It is interesting to note that in 1978 when Mr. Moog moved his entire family to our home state of North Carolina, one of his daughters, Michelle Moog-Koussa, who was born in the Ithaca area, was about the same age I was when my family took me out of North Carolina to move to Ithaca. The Moog family recently founded the Bob Moog Memorial Foundation for Electronic Music to honor their father’s legacy, and we also have that in common.
In any event, after a short pause, my father’s acquisitions continued in 1973 and 1974 with the purchase of radio stations in Portland, OR, Eden Prairie, MN, and a TV station in Birmingham, AL. In a special feature, NBC Radio’s Monitor program reported that Park Broadcasting, Inc., “operates eighteen radio and television stations, the largest broadcast group wholly owned by one man.” The group covered nine cities in six different states. In 1975 and 1976, he bought more radio stations in Seattle, WA, and Syracuse, NY.
Through all of these purchases, my father had a nose for profitable properties. As reported in the July 25, 1977 issue of Business Week, His country music radio station in Yankton, South Dakota, for example, might seem too small for the owner of seven costly TV stations to bother with, but it reaches five populous farm states with radio’s strongest daytime signal. Park recalls adding his first FM stations in the mid-1960’s even though profits then were almost nonexistent. “I carried them along because I knew they were going to make it sooner or later,” he said.3 Cecil L. Richards, a broker in Falls Church, VA, confirmed that the two Virginia TV stations my father bought at an average of $6 million were each worth in excess of $10 million by 1977.
Along the way, my father was also asked if he thought about investing in cable.
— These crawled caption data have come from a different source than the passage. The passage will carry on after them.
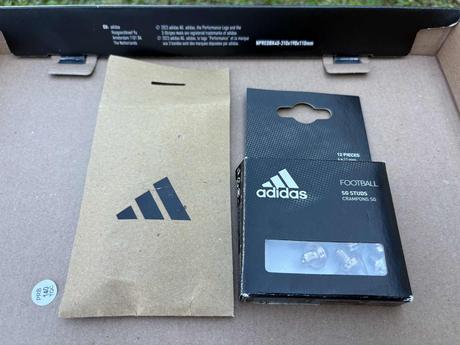 Kolíky adidas predator elite ft sg - šedá, adidas,41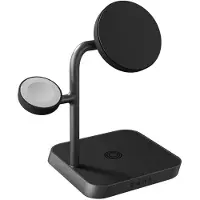ZENS Office Wireless Charger 3, Noir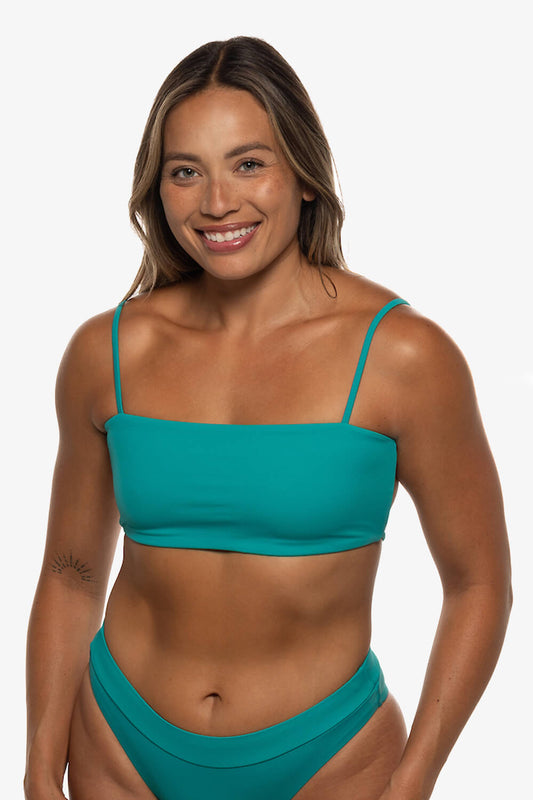  Sina Bikini Top - Coast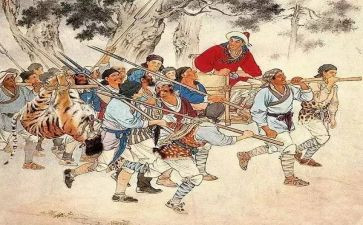 水浒传的读后感600字作文6篇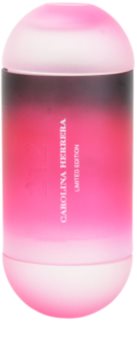 Carolina Herrera 212 Summer Eau de Toilette für Damen 60 ml limitierte Edition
He said cable was not his style. “It’s highly capital-intensive, and it’s going to wind up in the hands of a few large companies,” he said. He was right. At the time he also said the problem with the cable networks and the independent stations was that they failed to cover local news. His stations took pains to cover things such as the local Rotary Club and high school football games. “It may not be CBS Sports,” he said, “but if your kid is playing, you’re going to watch it.”
As Pops was nearing his legal ownership limit of twenty-one broadcasting stations, seven each of television, AM and FM radio stations, he realized that at this time, in order to continue to grow, he would have to move to other media acquisitions. As reported in the Winston-Salem Journal, “Like Alexander the Great, he had run out of worlds to conquer. But instead of sitting down to weep, he did what he said he had wanted to do at the beginning.
He bought his first newspaper at the age of 62—41 years after his college paper and AP days.” While he was still buying broadcasting stations, he entered the newspaper field in 1972, and by 1977, he owned forty newspapers in nine states. They comprised one-third of his wealth. His media acquisitions through the years are far too complex to follow in the pages of this book. He moved through radio, television, outdoor advertising, and, finally, newspapers. His holdings are summarized in Appendix B, Building a Media Empire.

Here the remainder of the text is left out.